В каникулы постоянно ездили полоть траву, картошку копать – все Заволжье было полностью засажено картошкой. И в совхоз Правдинский нас посылали работать. В Кубенцеве, где сейчас поселок Нефтеямы, был большой совхоз, там и помидоры, и огурцы, и картошку выращивали, мы все время там сидели, пололи, как на своих огородах. Картошку копали вручную, собирали, в корзиночки клали, потом взрослые увозили. Колхозников было мало, большинство из них пожилые.
В 1944 году нас перевели из начальной школы в 5-й класс школы № 6, туда и обратно мы ходили пешком. Тетрадей не хватало, писать было не на чем. Помню, нам задали что-то нарисовать. Для выполнения задания мне пришлось вырывать чистые, без текста, странички из книги А.С. Пушкина.
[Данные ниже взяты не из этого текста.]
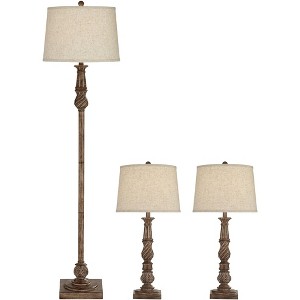 Regency Hill Dunn Rustic Traditional Table and Floor Lamp Set Brown Faux Wood Finish Beige Shade Living Room Bedroom Bedside Nightstand House Office - 1 of 1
Жить было не на что. Мы жить-то начали, когда сестра, чуть живая, приехала из освобожденного Ленинграда и устроилась на работу в лагерь для военнопленных. Там работникам давали хорошие пайки: мясо, хлеб, вот мы немножко ожили. Бараки, где жили пленные немцы, стояли на Волге в районе современного «Гриля». Немцы в своей худой военной форме ходили свободно, без конвоя, по улицам Правдинска. Мы и внимания на них не обращали, ходят и ходят, никого они не задевали, ни к кому не приставали, никто их не боялся. Они работали, строили дома, что заставляли, то и делали, пленные есть пленные.
По вечерам мы собирались на площади Дзержинского и гуляли от бумкомбината до Дома культуры взад-вперед. В тот майский день 1945 года мы также собрались около Дома культуры и вдруг услышали объявление о победе. В том месте, где сейчас автобусная остановка, на столбе висел репродуктор, мы стояли как раз под ним, когда Левитан объявлял об окончании войны.
Окончив семь классов школы № 6, я пошла учиться в Правдинское ремесленное училище № 12. После его завершения всех выпускников распределили по разным предприятиям, а меня оставили на Балахнинском бумкомбинате – я была отличницей. Стала работать в лаборатории лаборанткой, одновременно училась в вечерней школе, получая среднее образование. В дальнейшем окончила Балахнинский торфяной техникум.
В 1956 году вышла замуж и уехала с мужем в Сибирь. Прожили мы там три года и вернулись в Правдинск. Устроилась я на работу на санэпидстанцию. Спустя год, в 1960 году, перешла на Правдинский радиозавод в цех стабилизаторов и работала распределителем работ. На пенсию вышла с должности старшего инженера отдела труда и зарплаты.